The impact on average Americans following the great Wall Street crash of 2008 was summed up by the Financial Crisis Inquiry Commission (FCIC) report as follows:

“The profound events of 2007 and 2008 were neither bumps in the road nor an accentuated dip in the financial and business cycles we have come to expect in a free market economic system. This was a fundamental disruption—a financial upheaval, if you will—that wreaked havoc in communities and neighborhoods across this country. As this report goes to print, there are more than 26 million Americans who are out of work, cannot find full-time work, or have given up looking for work. About four million families have lost their homes to foreclosure and another four and a half million have slipped into the foreclosure process or are seriously behind on their mortgage payments. Nearly $11 trillion in household wealth has vanished, with retirement accounts and life savings swept away. Businesses, large and small, have felt the sting of a deep recession. There is much anger about what has transpired, and justifiably so. Many people who abided by all the rules now find themselves out of work and uncertain about their future prospects. The collateral damage of this crisis has been real people and real communities. The impacts of this crisis are likely to be felt for a generation. And the nation faces no easy path to renewed economic strength.”

The economy of a great nation and the lives of tens of millions of Americans were turned upside down because regulators, paid by the American people to ensure a safe and sound banking system and honest practices on Wall Street, sold out to greed.

The FCIC report notes this:

“Despite the expressed view of many on Wall Street and in Washington that the crisis could not have been foreseen or avoided, there were warning signs. The tragedy was that they were ignored or discounted. There was an explosion in risky subprime lending and securitization, an unsustainable rise in housing prices, widespread reports of egregious and predatory lending practices, dramatic increases in household mortgage debt, and exponential growth in financial firms’ trading activities, unregulated derivatives, and short-term ‘repo’ lending markets, among many other red flags.
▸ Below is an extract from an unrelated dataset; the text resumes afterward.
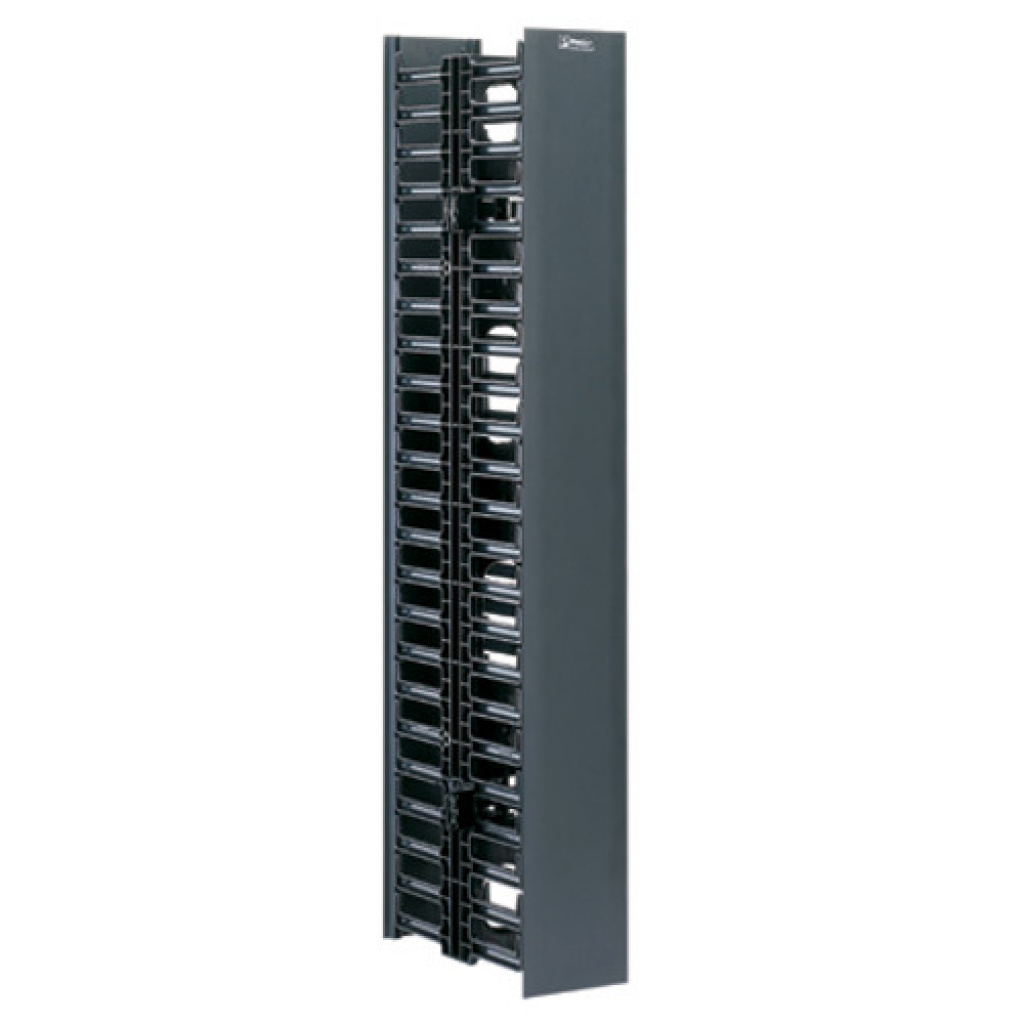 Organizador De Cables Vertical 22U Con Tapa Metal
Yet there was pervasive permissiveness; little meaningful action was taken to quell the threats in a timely manner.”

Consider carefully the following phrases in the above paragraph: “exponential growth in financial firms’ trading activities,” “unregulated derivatives,” “short-term repo’ lending markets.” Now consider the headlines you have been reading recently here at Wall Street On Parade:

Archegos Unpacked: Equity Derivative Contracts Held by Federally-Insured Banks Have Exploded from $737 Billion to $4.197 Trillion Since the Crash of 2008

Margin Debt Has Exploded by 49 Percent in One Year to $814 Billion. The Actual Figure May Be in the Trillions. Here’s Why.

Archegos: Wall Street Was Effectively Giving 85 Percent Margin Loans on Concentrated Stock Positions – Thwarting the Fed’s Reg T and Its Own Margin Rules

On One Day Last Year, the Fed Had $495.7 Billion in Loans Outstanding to Unnamed Wall Street Trading Houses

Senator Ossoff Drops a Bombshell: “The 12 or 13 Largest Banks” Got the Trillions from the Fed’s Repo Loans Last Year

Three of the Biggest Banks on Wall Street Have $7.4 Trillion In Off-Balance Sheet Exposures

We ask every American who loves their country to pick up the phone today and call your Senators and House Reps and demand that honest and capable Wall Street regulators be put to work on behalf of the American people.